As a young boy, I never wanted to play with guns, toy tractors, or race cars. My mom knew and accepted that I was confused about my sexuality, but she fully embraced it.
My mom presented me with her coveted collection of barbies and barbie paraphernalia she had collected throughout her childhood. It was all in a 20-gallon plastic box. The box had a distinct smell when I opened it. I could almost taste the smell. I loved its nostalgic, pungent taste, like that of my grandmother’s perfume. I’ll never forget it. Somehow, my mom knew, as a boy, I’d enjoy the barbies. She was right. They became my everything.
Years later, I found myself in an emotional crisis. I needed to dive into a creative project to distract me from what was around me, my thoughts, and my feelings… So I dove into this box of barbies.
These photographs are an expression of my fascination with color, light, and shadow — and how they interplay with the emotional examination of a landscape. This series is an exploration of an unrealistic, unhealthy, insulting representation of the female appearance.
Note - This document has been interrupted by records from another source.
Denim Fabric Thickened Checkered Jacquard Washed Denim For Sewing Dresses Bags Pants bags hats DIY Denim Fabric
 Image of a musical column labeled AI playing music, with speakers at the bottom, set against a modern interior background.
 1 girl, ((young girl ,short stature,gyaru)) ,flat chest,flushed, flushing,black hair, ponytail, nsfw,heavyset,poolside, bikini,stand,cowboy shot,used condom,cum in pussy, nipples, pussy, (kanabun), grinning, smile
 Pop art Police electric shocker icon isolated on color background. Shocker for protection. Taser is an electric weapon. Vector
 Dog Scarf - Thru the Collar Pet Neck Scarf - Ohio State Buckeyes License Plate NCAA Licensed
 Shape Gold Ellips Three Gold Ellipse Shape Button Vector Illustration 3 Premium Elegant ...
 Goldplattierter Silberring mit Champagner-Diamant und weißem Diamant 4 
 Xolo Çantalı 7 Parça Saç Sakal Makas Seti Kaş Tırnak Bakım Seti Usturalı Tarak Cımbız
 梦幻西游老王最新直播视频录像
My goal is to transport the viewer into a surreal reality inspired by their inner child. As we grow from happy-go-lucky children into responsible adults, we leave behind the spirit of the child. We leave behind a curiosity, a wanting to play, and a sense of wonder and innocence. As adults, we must decide to return to that feeling.
In still-life photography, one must carefully choose props — placing them within a setting that provides context. Our childhood fascination with toys and collections, often put away in storage, comes out of the closet in these photos — Barbie reflected, flowered, and fried.